Optimal Position Size Methods and Other Misconceptions

Optimality usually refers to a solution to a problem derived with respect to some objective function. A solution that is optimal with respect to a given objective function can be non-optimal with respect to another objective function. In trading, for example,  there is the well-known %Kelly method for calculating position size. This method maximizes equity growth without any regard to drawdown.

As I have shown in this paper, the formula for %Kelly is simply the expected gain, or expectation, divided by the average winning trade, a ratio that is known to generate geometric equity growth:

%Kelly = E(T)/AvgW    (1)


E(T) = AvgW × w – AvgL × (1-w)   (2)

where E(T) is the expected gain, AvgW is the average winning trade, AvgL is the average lossing trade and w is the win rate.

However, this method is optimal only with respect to the objective of equity growth. When using such method, the resulting drawdown can be excessive and I would not recommend it to anyone without major modifications.

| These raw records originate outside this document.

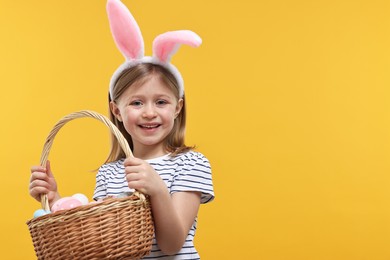 Photo of Easter celebration. Cute girl with bunny ears holding basket of painted eggs on orange background, space for text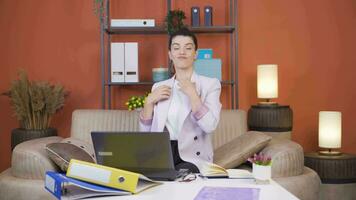 Home office worker woman looks at camera with happy and smiling face. video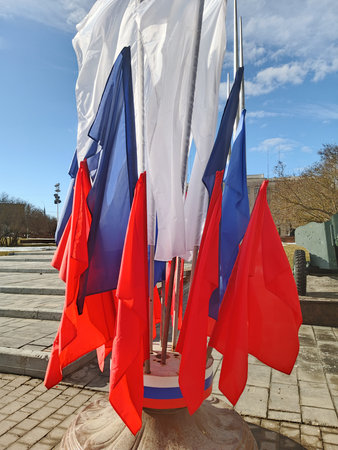 The flags of the Russian Federation against the background of a blue sky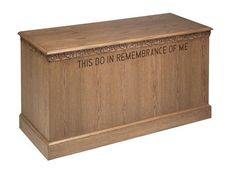 a wooden box with the words this do in remembrance of me on it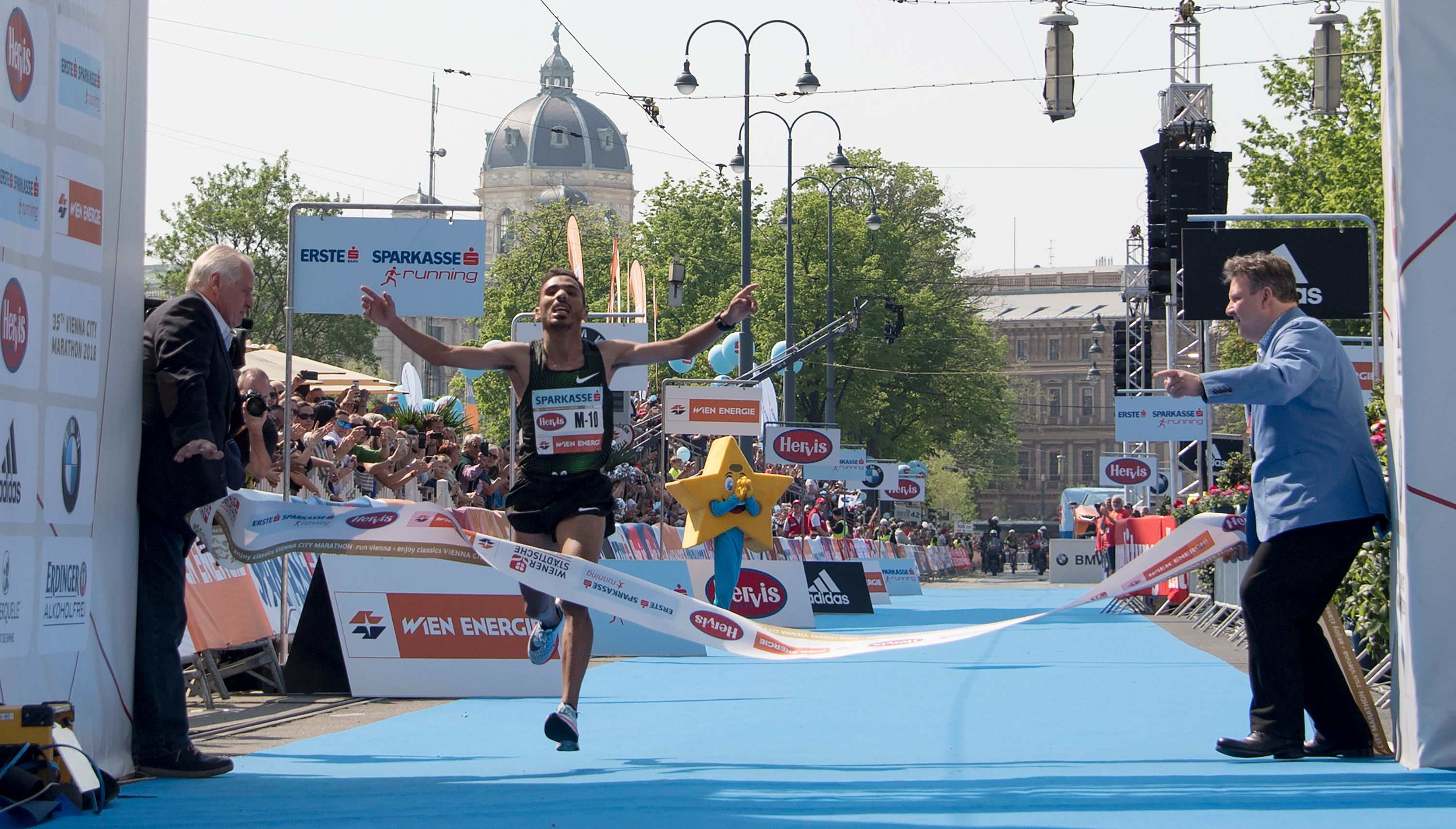 Salah-Eddine Bounasr of Morocco reacts as he crosses the finish of the Vienna City Marathon in Vienna, Austria, on April 22, 2018.  More than 41000 athletes take part in the 35th Vienna City Marathon. / AFP PHOTO / JOE KLAMAR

A better way of dealing with optimal position size determination could be based on an objective function that maximizes equity growth given a constraint on the drawdown. However, future drawdown levels are simply unknown. If one were to know future drawdown levels, then one could size positions using an optimal method so that realized levels never exceed a given percentage of bankroll. This is unrealistic of course given the uncertainty in price moves.

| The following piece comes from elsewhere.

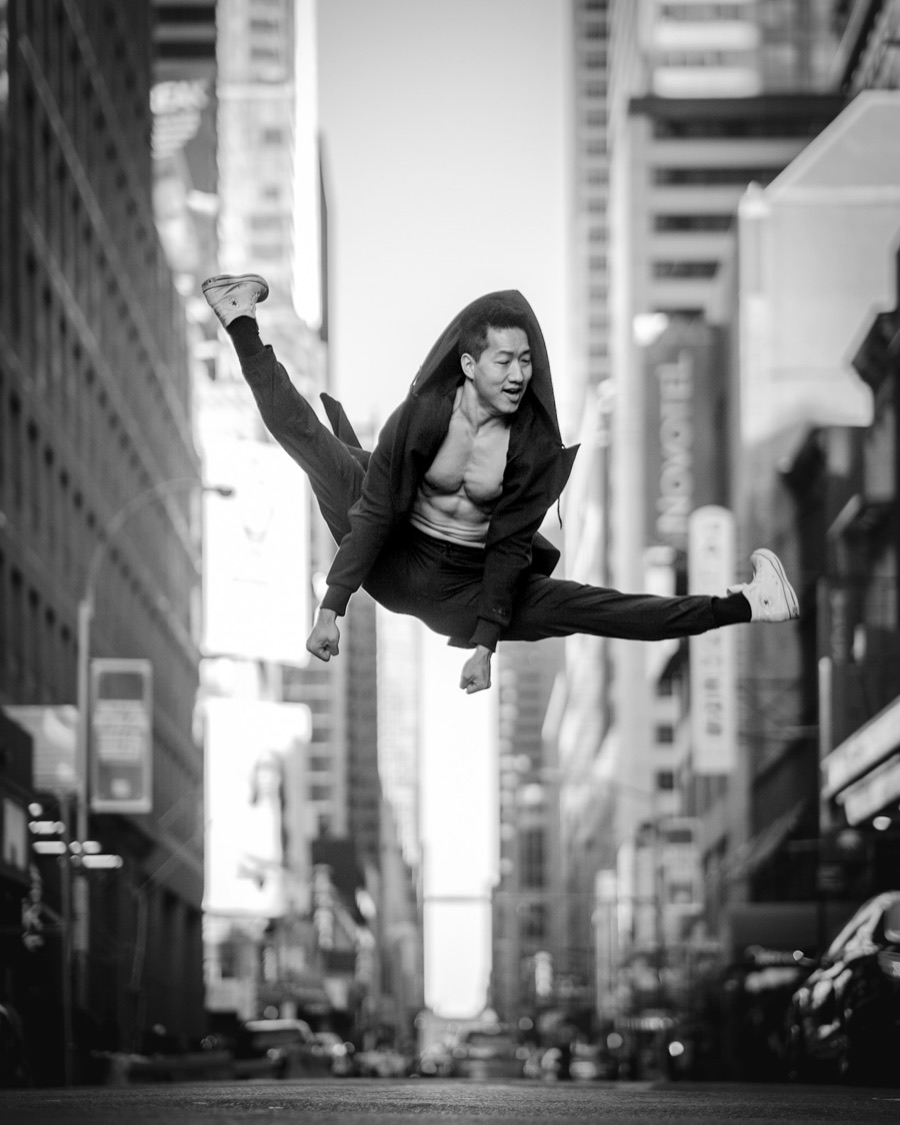 Black-and-white photo of Alex Wong mid-leap on a Midtown street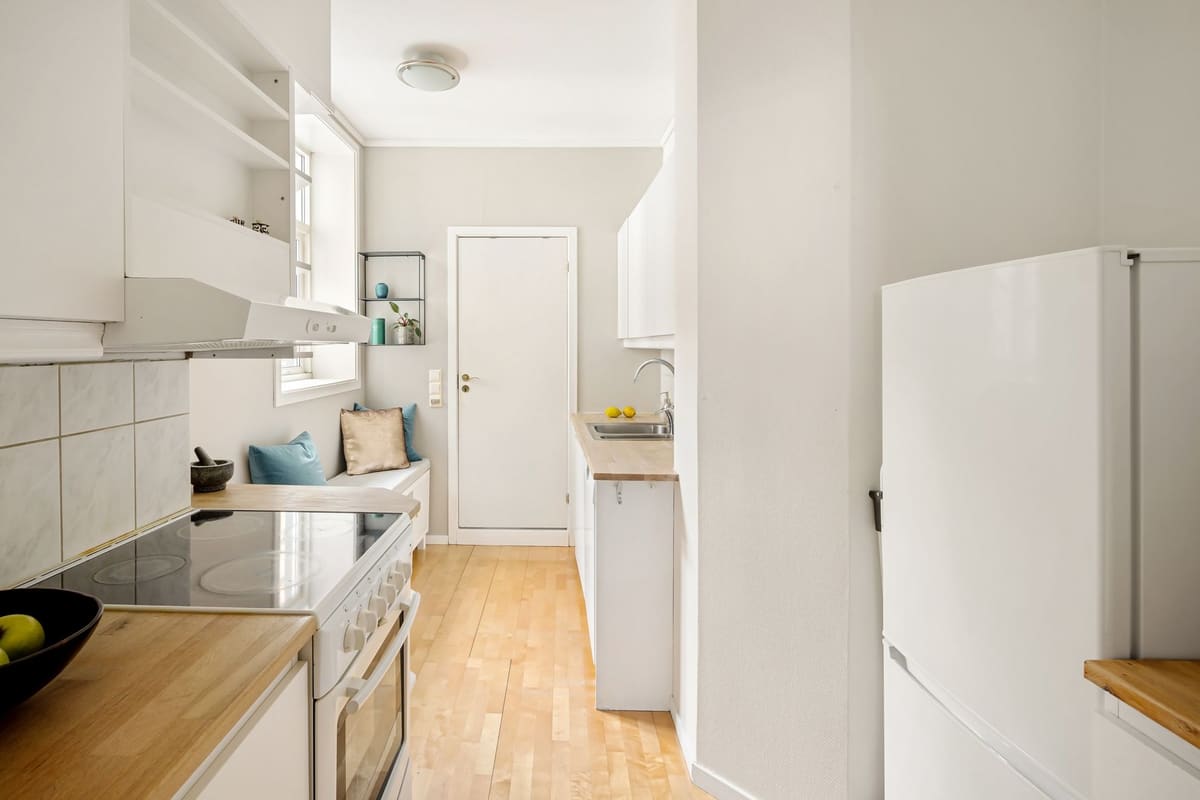 Modern white kitchen with wooden floors and minimalistic design, featuring a cozy seating area.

One could use historical drawdown figures to calculate optimal position size that maximizes growth while minimizes drawdown but it is quite unlikely that historical drawdown levels are good estimators of future drawdown levels. Some of those who based position size determination on historical drawdown levels ran into severe problems during the 2008 stock market and commodity sharp decline and even during the recent decline in equities.

So what is a better method for optimal position size determination? Actually I believe there is none and this is the wrong application of optimality. One can talk about optimality when boundary conditions are known, for example a spaceship going from planet A to planet B while minimizing fuel consumption and also minimizing flight time. When the boundary conditions are not know, or worse they are random like it is the case with the markets, it makes no sense to speak about optimal methods. It only makes sense to speak about methods based on proven heuristics. There are such heuristics for all styles of trading, intraday, short-term and trend-following, that old market wizards used to trade very successfully. These specific methods and heuristics will be the subject of another post on position size determination.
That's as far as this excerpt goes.